**What the task requires**
Transcribe exactly the lines below that begin at the line with "Lacoste толстовка Colorblock" and stop after the line with "Rockford Illinois Vintage", leaving out every picture.

**Provided data**
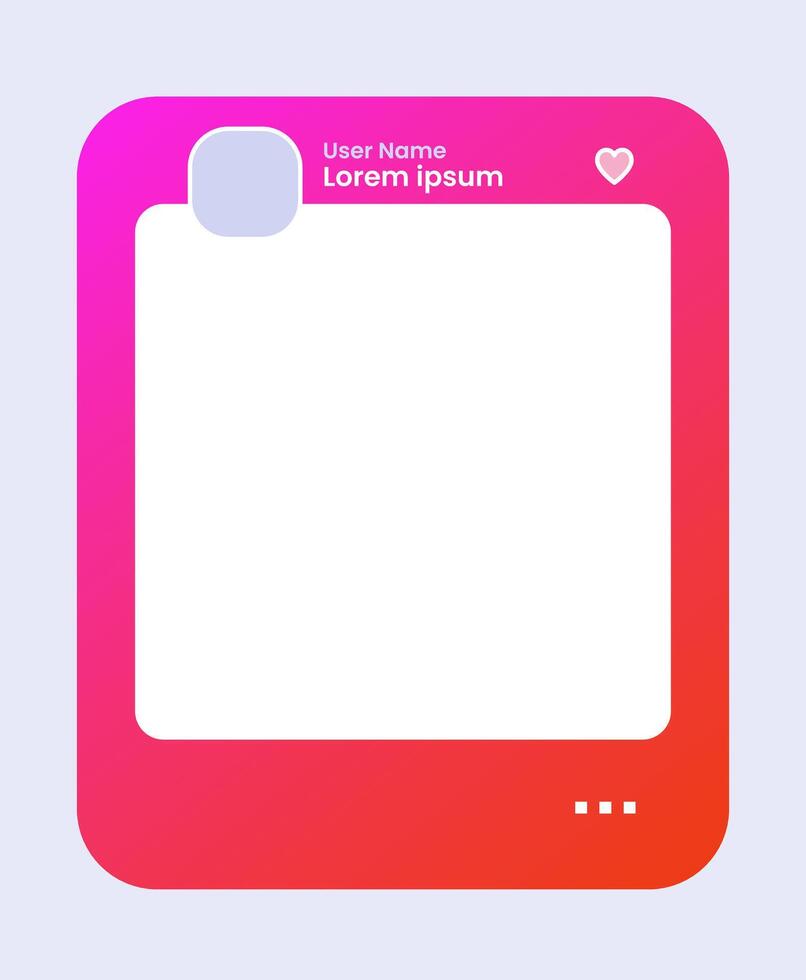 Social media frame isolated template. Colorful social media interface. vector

--

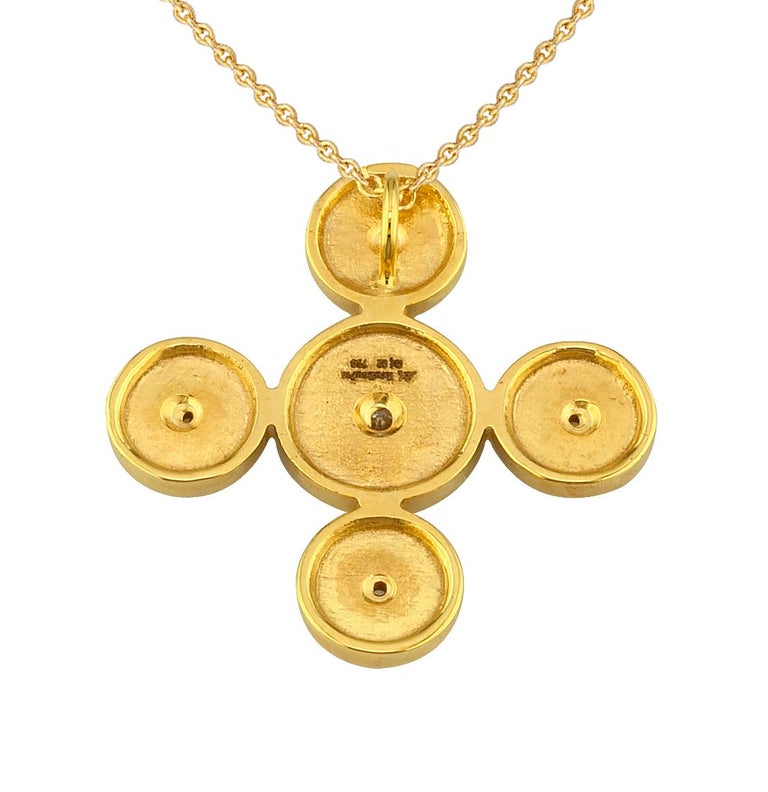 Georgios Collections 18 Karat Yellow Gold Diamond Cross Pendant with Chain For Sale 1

---

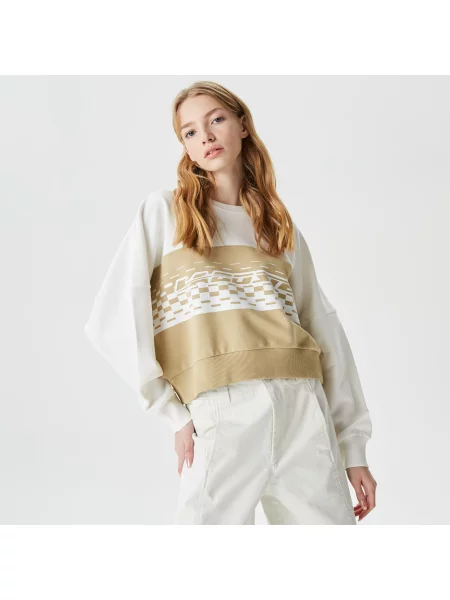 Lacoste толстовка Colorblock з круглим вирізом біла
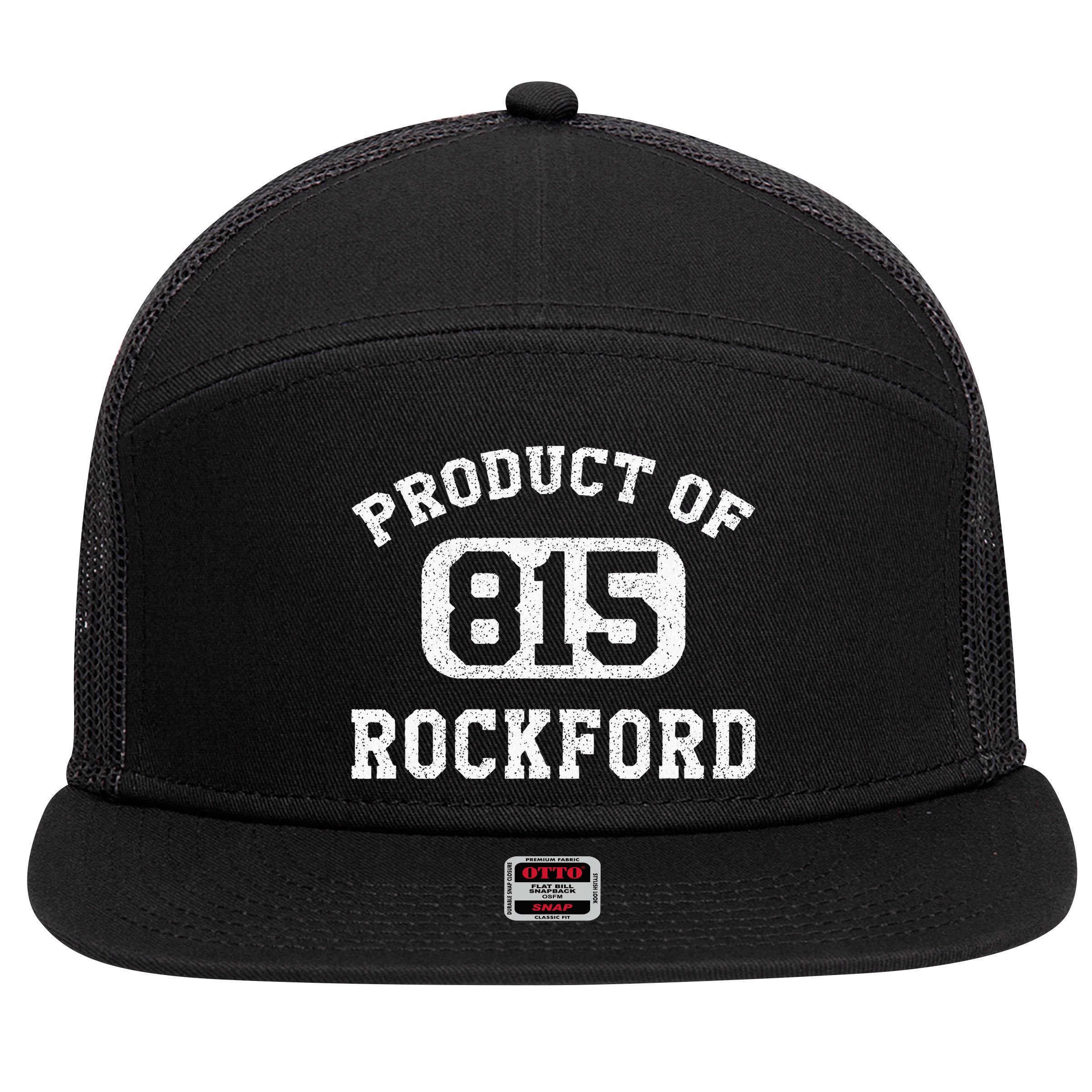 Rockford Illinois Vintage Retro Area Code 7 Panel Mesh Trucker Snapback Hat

**Task answer**
 Lacoste толстовка Colorblock з круглим вирізом біла
 Rockford Illinois Vintage Retro Area Code 7 Panel Mesh Trucker Snapback Hat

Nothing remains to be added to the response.